Prosthesis

Prosthesis of prothesis (van het Oudgriekse πρόσθεσις / πρόθεσις, πρό "voor" / πρός "bij" + τίθημι "leggen, plaatsen") is het toevoegen van een foneem (in de vorm van een letter of lettergreep) aan het begin van een woord, echter zonder dat daarbij de morfologische structuur van het woord als geheel verandert.

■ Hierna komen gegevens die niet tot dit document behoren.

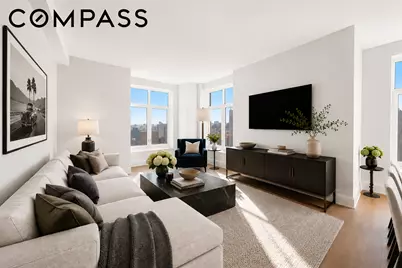 100 Claremont Avenue #12B, New York City, NY 10027 - Photo 1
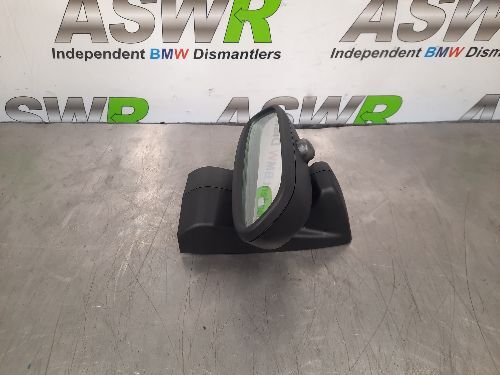 BMW Interior Rear View Mirror 1 2 SERIES F20 F21 F22 F45 F87 F48 F39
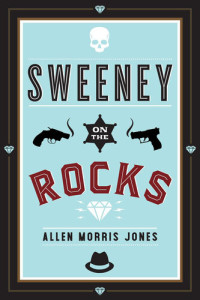 Allen Morris Jones — Sweeney on the Rocks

Prosthesis bij woordvorming

[bewerken | brontekst bewerken]

Prosthesis kan deel uitmaken van het natuurlijke evolutieproces van talen of in het bijzonder plaatsvinden bij leenwoorden. Bekend is het voorbeeld van de clusters /s/ + plosief (s impurum) in het Latijn, waar in de eerste fasen van de Romaanse talen een /e/ aan werd toegevoegd. Het Spaanse woord estado ‘staat’ is dus afkomstig van Latijn status, en Frans esprit ontwikkelde uit Latijn spiritu(m). Nederlands nonkel ‘oom’ luidde oorspronkelijk onkel (ontleend aan Frans oncle), maar door metanalyse van vaak gebruikte uitdrukkingen zoals den onkel of e(e)n(en) onkel heeft het er een voorafgaande /n/ bijgekregen.

In sommige talen zoals de Turkse talen, het Nenets en het Hindi worden consonantclusters aan het begin van woorden bij voorkeur gemeden. Het Franse leenwoord station heeft daarom in het Turks de vorm istasyon gekregen. In het Hindi is het Engelse leenwoord school vervormd tot iskuul, en het woord special tot ispesal.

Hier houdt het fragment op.